## Work item
Leaving pictures aside, set down each line exactly, from the first line of the data to the line with "Dove Grey mardi", both included.

Collected data entries
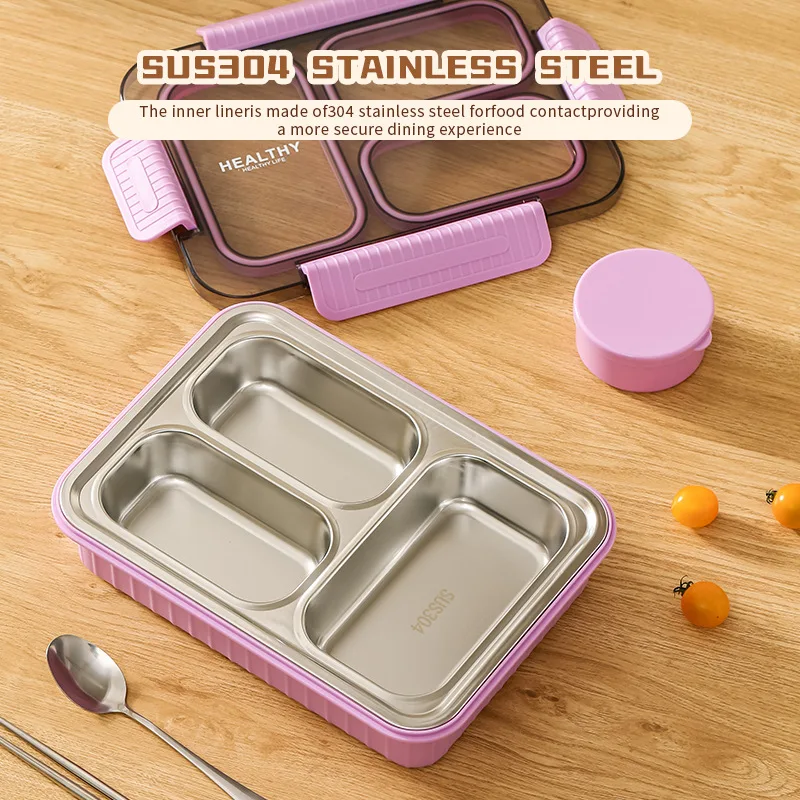 Thiened 304 Stainl Steel Lunch Box Portable Heating Fast Food Container Divided for Students Office Workers Travelers
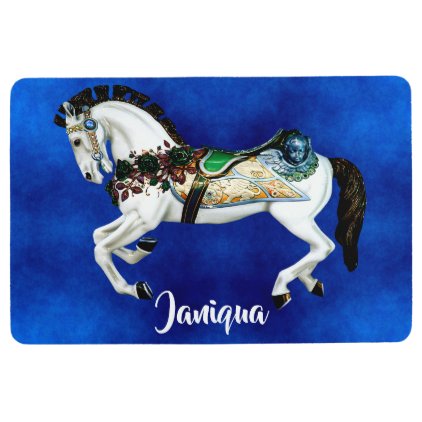 Pretty White Carousel Horse on Deep Blue Floor Mat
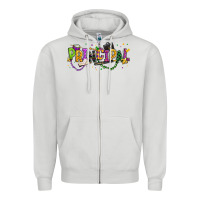 Dove Grey mardi gras principal Zipper Hoodie - texasbilliewilder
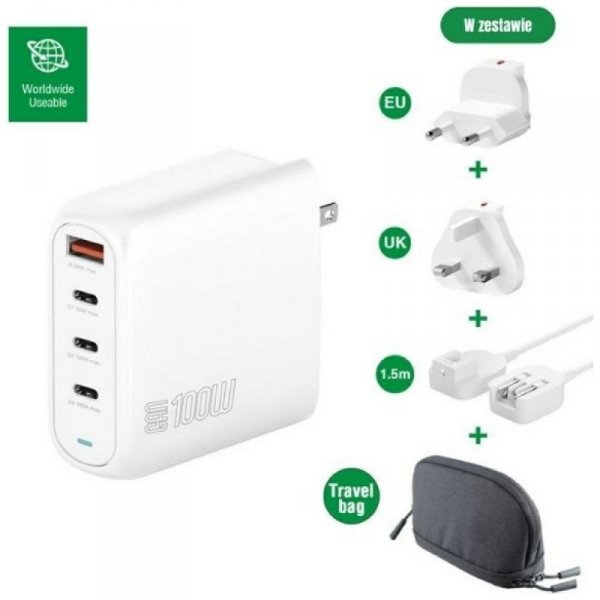 Ładowarka sieciowa 4smarts Flex Pro 100W 3xUSB-C + 1xUSB-A Travel Edition biała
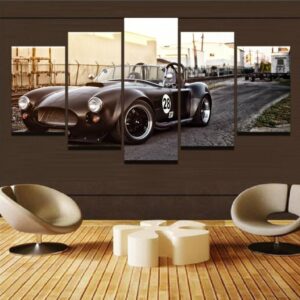 Ford Mustang Retro Black Sport Car & Motor - 5 Panel Canvas Art Wall Decor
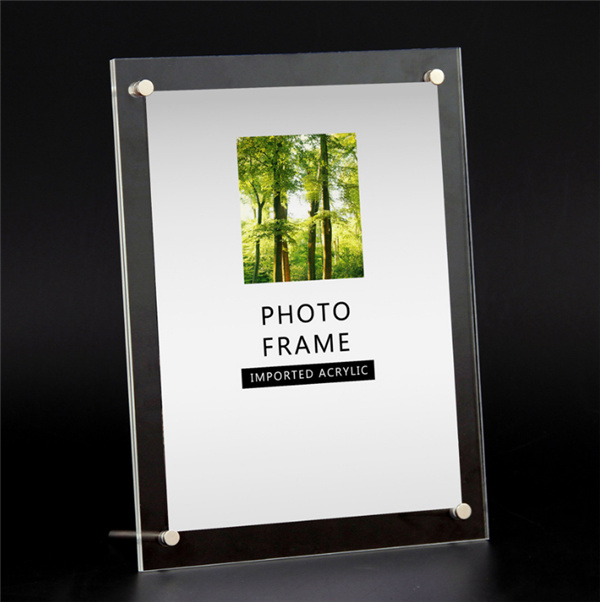 Acrylic Picture Frame Stand, Acrylic Sandwich Photo Frame with Screws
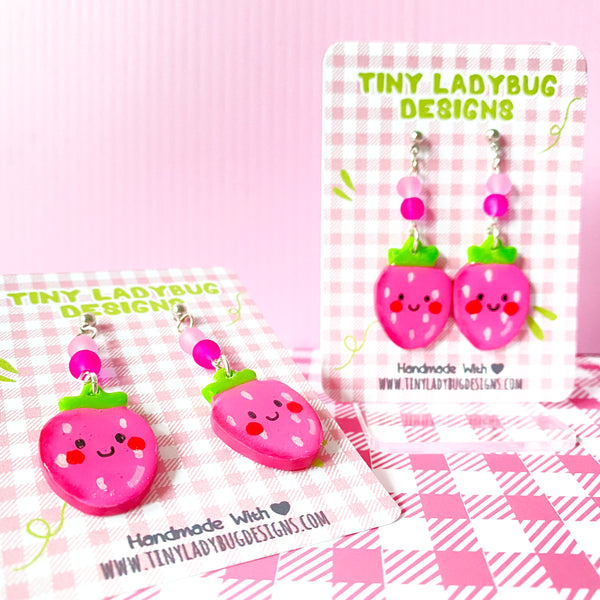 Kawaii Strawberry Earrings - JollityPop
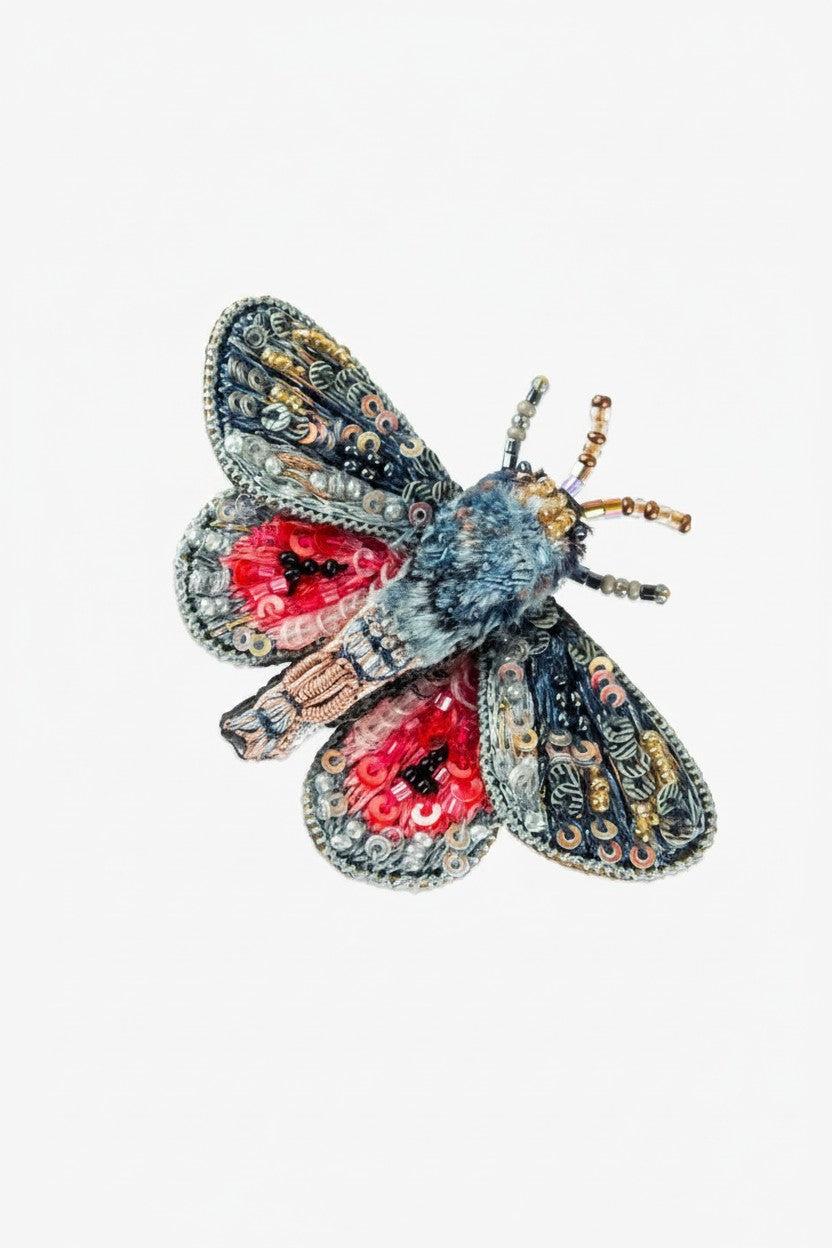 Hubbard's Small Silk Moth Brooch Pin Accessories Trovelore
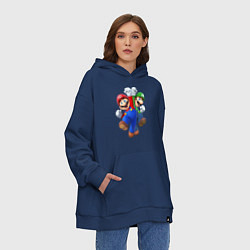 Толстовка-худи оверсайз Mario Bros, цвет: тёмно-синий — фото 2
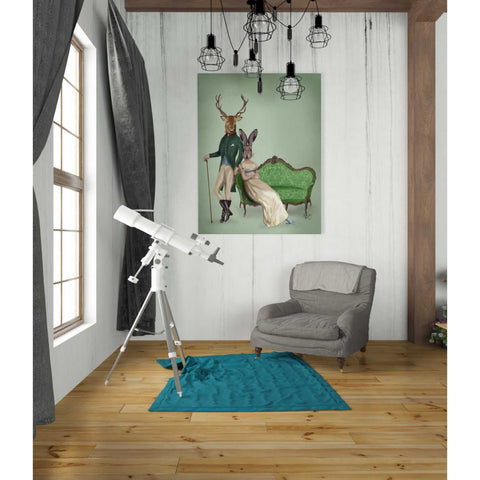 Image of 'Mr Deer and Mrs Rabbit' by Fab Funky Giclee Canvas Wall Art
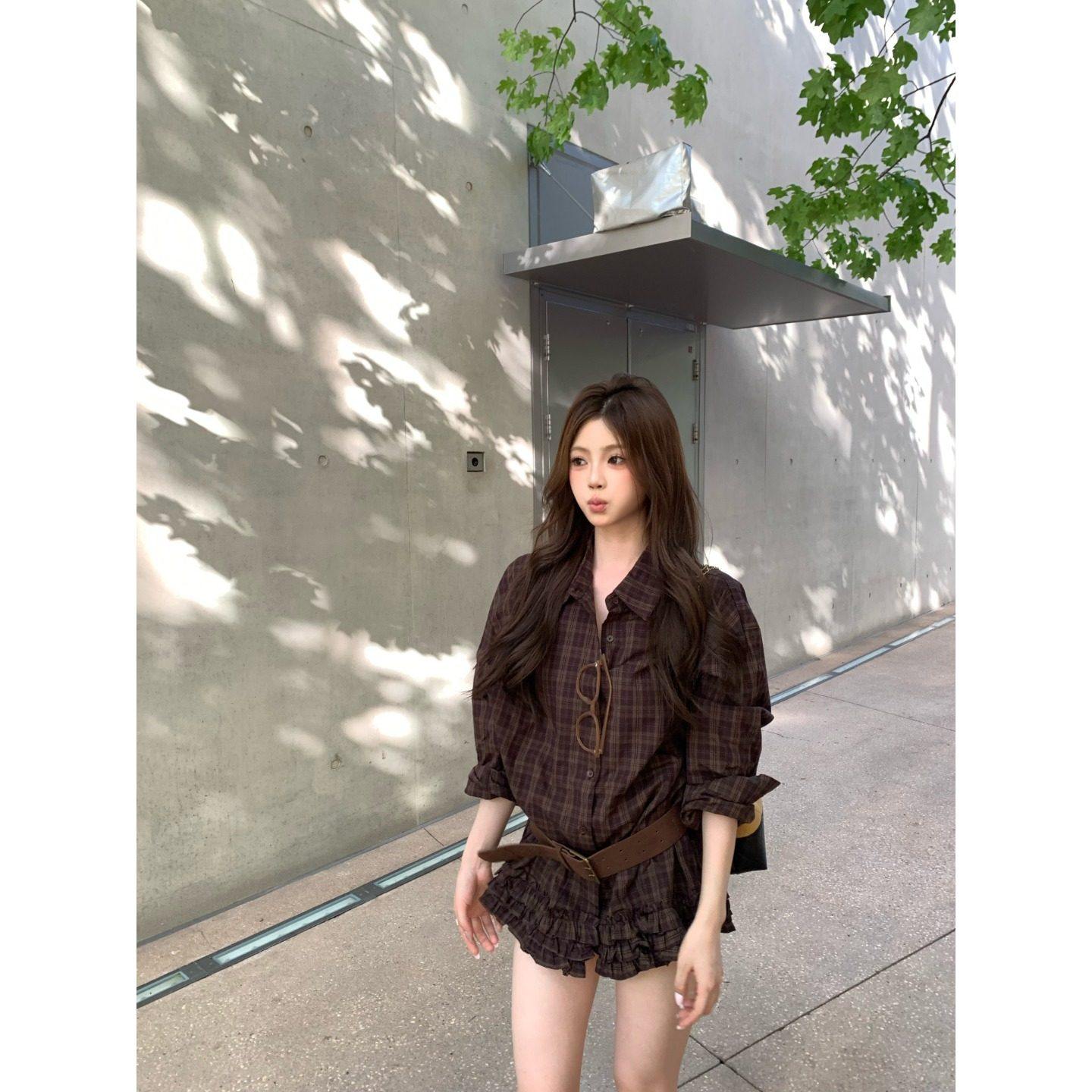 美式辣妹复古咖色格子衬衫气质长袖衬衣女秋冬设计感开衫外套上衣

## Exercise answer
 Thiened 304 Stainl Steel Lunch Box Portable Heating Fast Food Container Divided for Students Office Workers Travelers
 Pretty White Carousel Horse on Deep Blue Floor Mat
 Dove Grey mardi gras principal Zipper Hoodie - texasbilliewilder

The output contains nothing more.